Subject-heading lists provide words and/or phrases that may be used as access points for subjects. Subject-heading lists are often used in libraries and are usually created for knowledge in general. These systems provide networks of terms to describe the subjects in a document. Library of Congress Subject Headings, first published in 1914, is used in many large academic and national libraries in English-speaking countries. Usually, a cataloger gives a book more than one subject heading, and in an online system subject headings can be searched by keywords. That is, the searcher does not have to know the exact form of the subject heading in order to use it for searching.

Thesauri began to be developed in the 1950s. Thesaural systems are similar to subject-heading systems in providing lists of consistent terms that are assigned to an information item by an indexer. Unlike subject-heading systems, however, thesauri are usually created for a particular field. For example, the Art & Architecture Thesaurus, published by the Getty Information Institute, provides access to all kinds of heritage information items (e.g., texts, images, museum materials). In addition, the syndetic structures of thesauri are usually more strictly controlled than those of subject-heading systems, and the terms in them are defined for the particular purposes of that field of knowledge.

Both subject-heading and thesaural systems include codes that describe the relationships of one term to other terms. The most common relationships are "broader term" (BT), "narrower term" (NT), and "related term" (RT). A broader term names a concept that is wider in scope than another. For example, the concept "precipitation" is broader than "snow." A narrower term names a concept that is more specific. For example, the concept "oak tree" is narrower than "tree." A related term is associated in some way to the term in question but is neither broader nor narrower in scope. For example, "light" is related to "color" and may interest a searcher who has looked up "color," but the two terms do not have a broader/narrower hierarchical relationship. In addition, some terms are preferred terms (called "used terms"). Terms not preferred by the system are called "unused terms." Unused terms are considered synonyms for used terms and cannot be used for searching. For example, "wig" may be a synonym for "hair." People who look up an unused term (e.g., "wig") are directed to search with a used term instead (e.g., "hair").

Controlled vocabularies are useful in information retrieval systems because the terms assigned to information items can be used to search a database. Searching with an assigned term ensures that all the records that have been indexed with that term are retrieved. Certainty that all the relevant records have been found means that a searcher can feel confident that the search was comprehensive.
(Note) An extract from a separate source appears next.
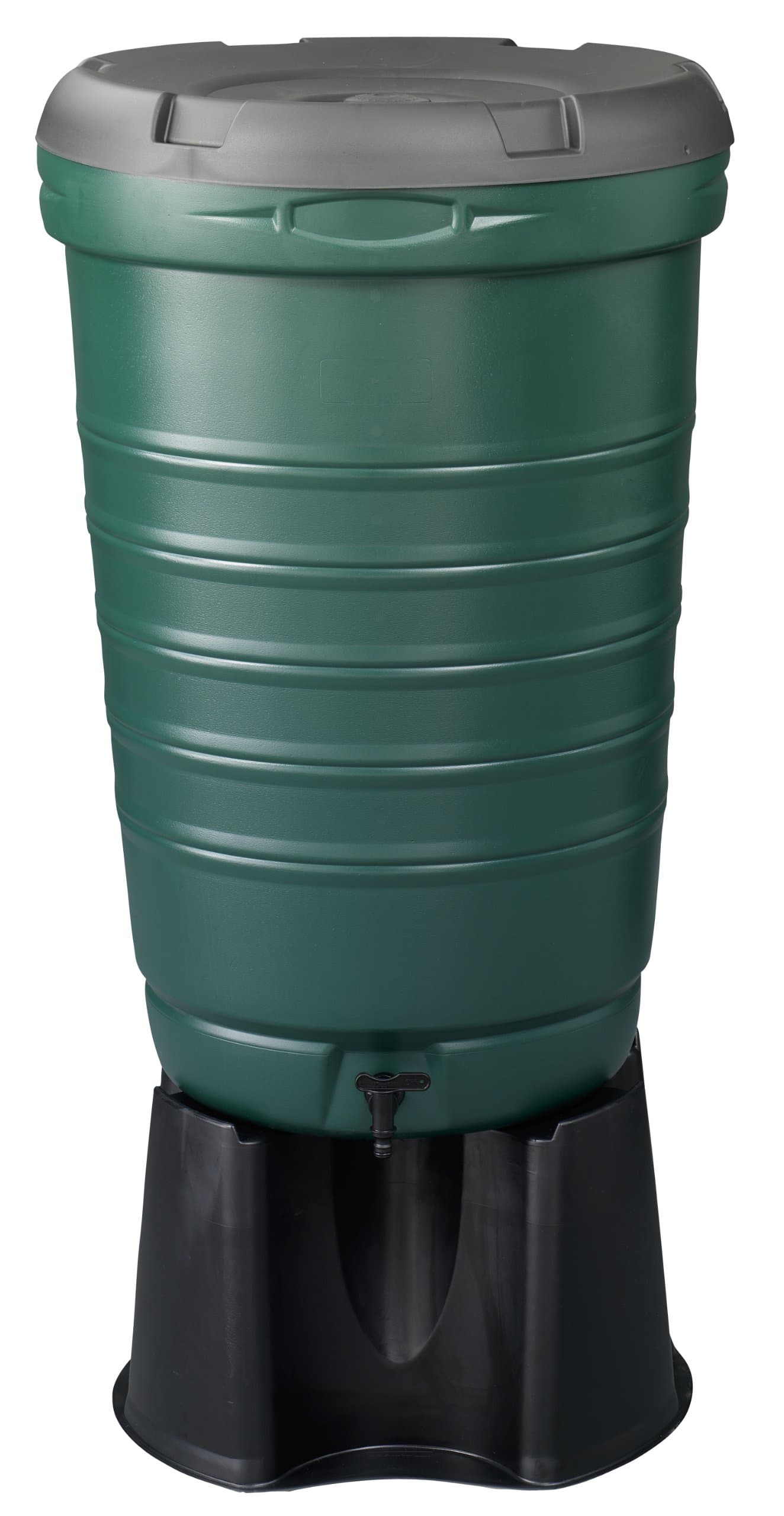 Be Green 190L Capacity Rainsaver Kit includes Butt/Stand/Diverter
Otherwise, the searcher would have to think of all the possible synonyms of a term in order to be sure that the search was complete.

Classification systems are structured systems that divide some knowledge domain into groups on the basis of likenesses and/or differences among the members of each group. The study of classification dates back at least to the philosophers of ancient Greece. Modern bibliographic classification systems started to appear in the late nineteenth century. In an ideal classification system, the classes are both mutually exclusive and jointly exhaustive. That is, the classes do not overlap (i.e., mutually exclusive), and all the classes taken together encompass all possible content so that nothing is left out (i.e., jointly exhaustive). This ideal cannot be fully achieved because new members of the classes can be discovered or invented at any time. Nevertheless, the ideal can be used to help evaluate classification systems because one can assess the classes for mutual exclusivity and joint exhaustivity.
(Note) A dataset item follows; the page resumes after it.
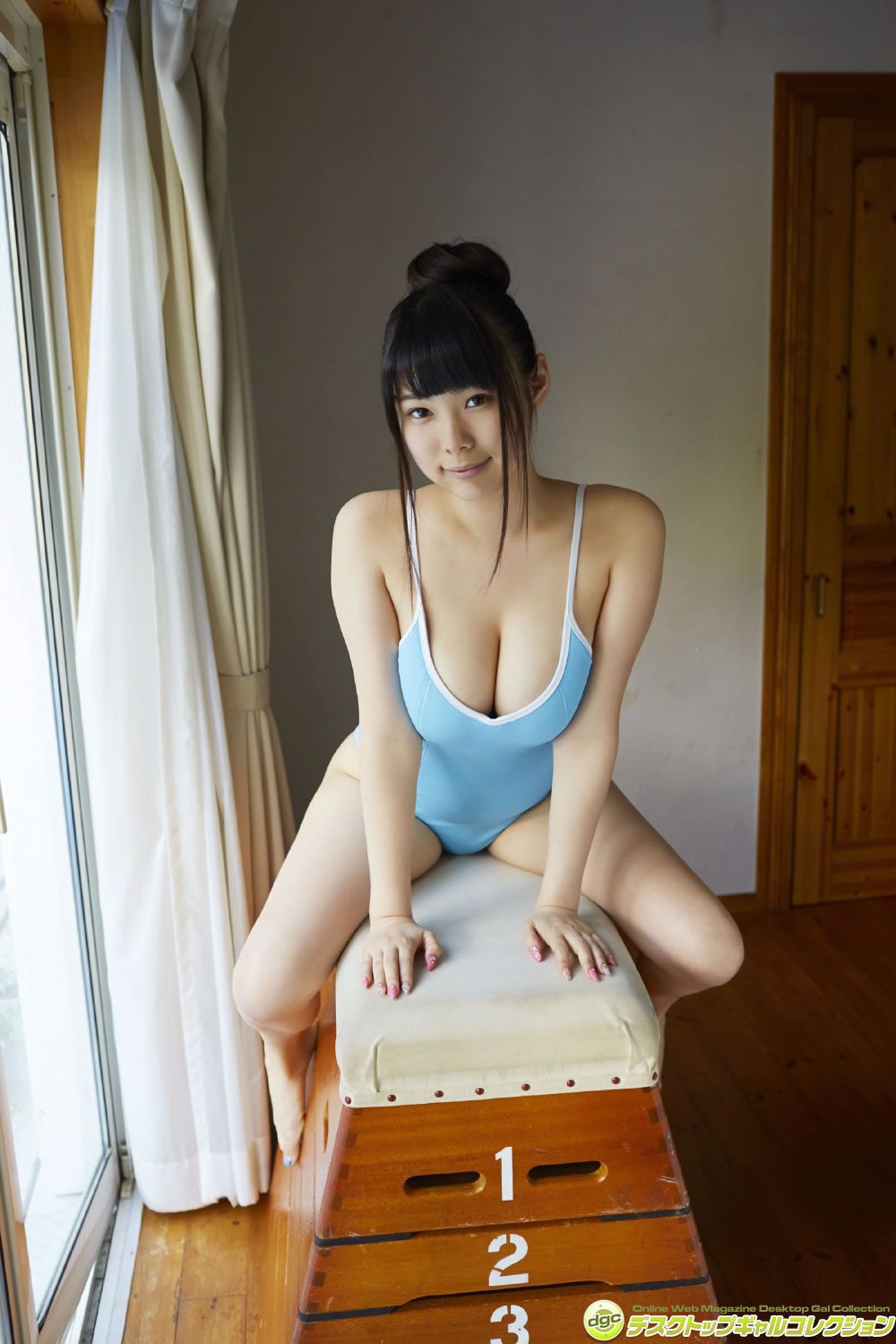 [DGC] 2015.12 No.1278 Chika Yuuki 結城ちか [100P]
In North America, most libraries use either the Dewey Decimal Classification or the Library of Congress Classification (in which each class is published separately). Both of these classification systems are called "enumerative systems" because they seek to list all of the possible topics that documents may have. In libraries, classification systems are used both to show the place of a particular topic in the context of the world of knowledge and also to provide a shelf address for each document. On the Internet, classification systems (e.g., DESIRE) often provide an address or hyper-link to the relevant site. Researchers into artificial intelligence have begun to create ontologies (i.e., classification systems) for real-world knowledge so computers can represent contexts, understand human languages, and recognize how things in the world are related to each other.

Most classification systems have a hierarchical structure in which the attributes of a class on a higher level are shared by those on the lower levels. For example, a document about Canadian history in general will not be as detailed on each of its constituent topics (e.g., the Canadian constitution) as a document that deals only with that topic, but a document about the narrower topic will also contain elements of the broader topic. For example, a document about the Canadian constitution will also deal to some extent with Canadian history in general. Unlike subject-heading systems and thesauri, classification systems are displayed structurally, not as an alphabetical list. Each class has a notation that represents the place of the class in the world of knowledge and in the system and that shows its relationships to a hierarchy of other classes. For example, part of the Dewey Decimal Classification schedules for "technology" (with growing specificity) is 600 for technology (applied sciences), 630 for agriculture and related technologies, 636 for animal husbandry, 636.7 for dogs, and 636.8 for cats.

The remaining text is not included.